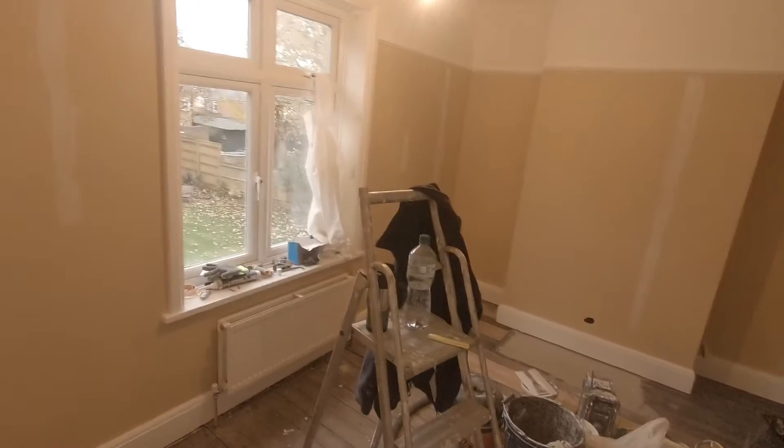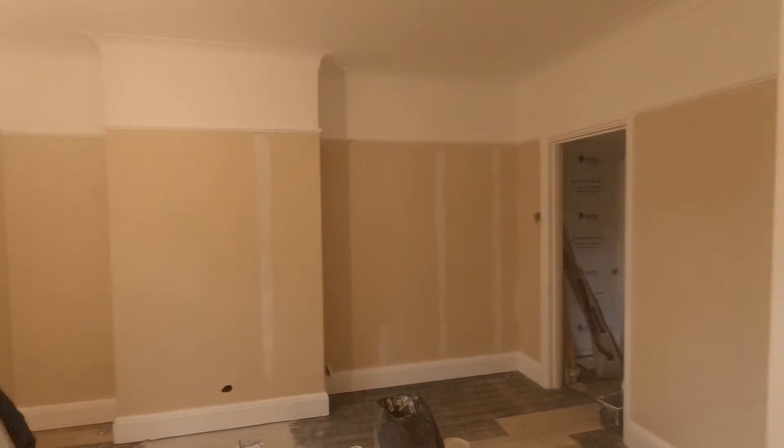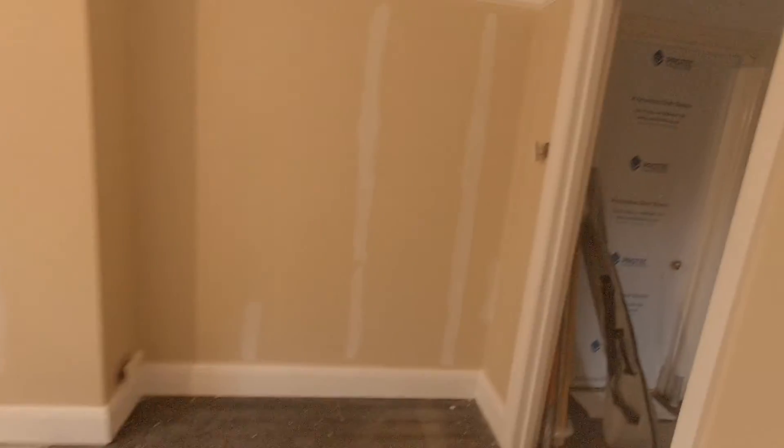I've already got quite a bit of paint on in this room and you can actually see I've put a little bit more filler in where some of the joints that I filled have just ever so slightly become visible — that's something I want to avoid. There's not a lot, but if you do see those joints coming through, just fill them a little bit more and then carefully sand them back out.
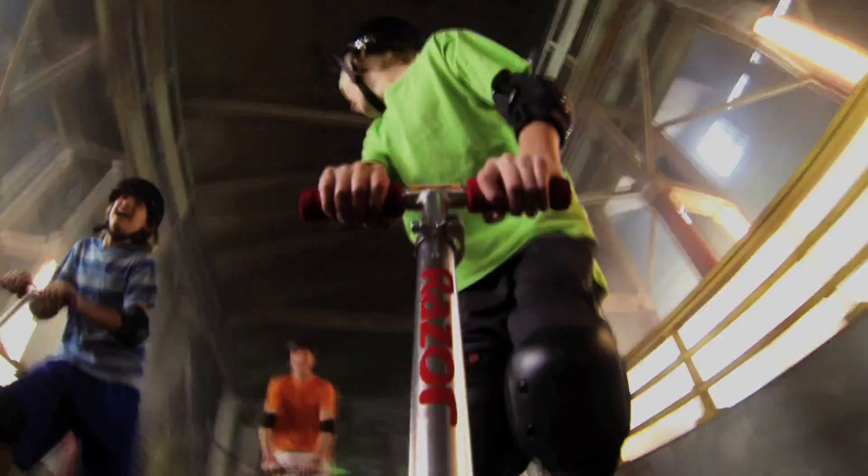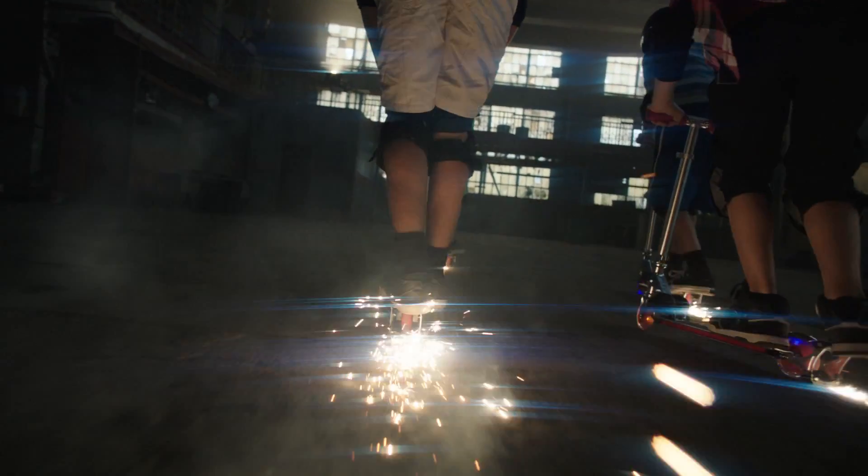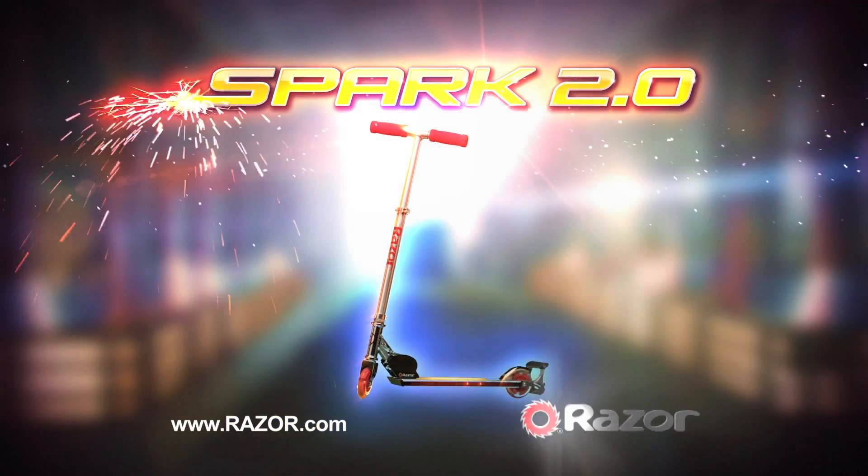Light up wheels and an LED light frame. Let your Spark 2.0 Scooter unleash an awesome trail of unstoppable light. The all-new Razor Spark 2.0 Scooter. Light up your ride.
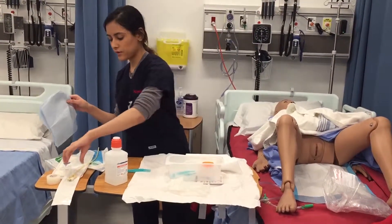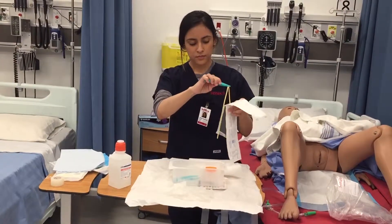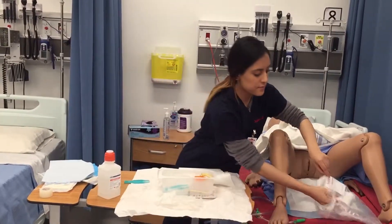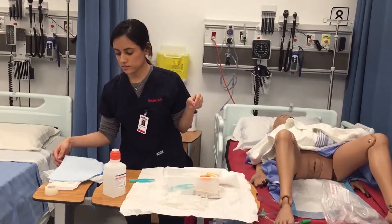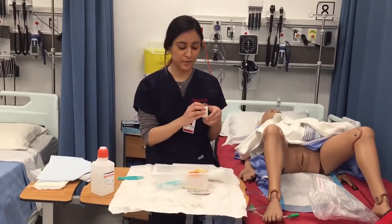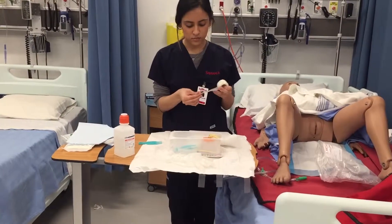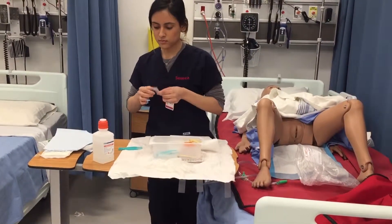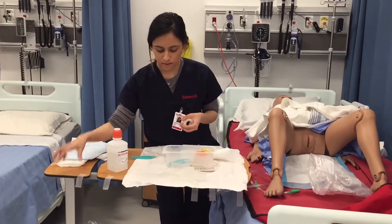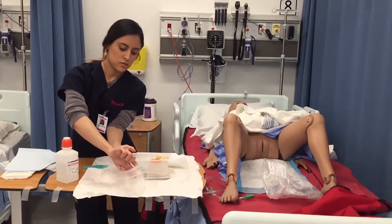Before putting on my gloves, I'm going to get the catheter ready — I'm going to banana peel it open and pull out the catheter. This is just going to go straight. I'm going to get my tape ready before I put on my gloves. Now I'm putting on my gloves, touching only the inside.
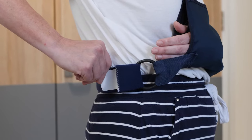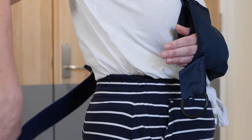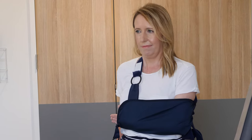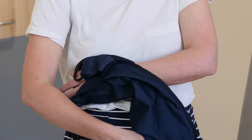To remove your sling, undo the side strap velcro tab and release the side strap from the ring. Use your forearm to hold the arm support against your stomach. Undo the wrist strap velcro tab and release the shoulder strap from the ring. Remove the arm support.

REQUIREMENT. Starting at the line containing "Light up wheels" and stopping at the line containing "Before putting on", output each line exactly as it appears above. Leave out the pictures.

RESPONSE TO THE EXERCISE.
Light up wheels and an LED light frame. Let your Spark 2.0 Scooter unleash an awesome trail of unstoppable light. The all-new Razor Spark 2.0 Scooter. Light up your ride.
Before putting on my gloves, I'm going to get the catheter ready — I'm going to banana peel it open and pull out the catheter. This is just going to go straight. I'm going to get my tape ready before I put on my gloves. Now I'm putting on my gloves, touching only the inside.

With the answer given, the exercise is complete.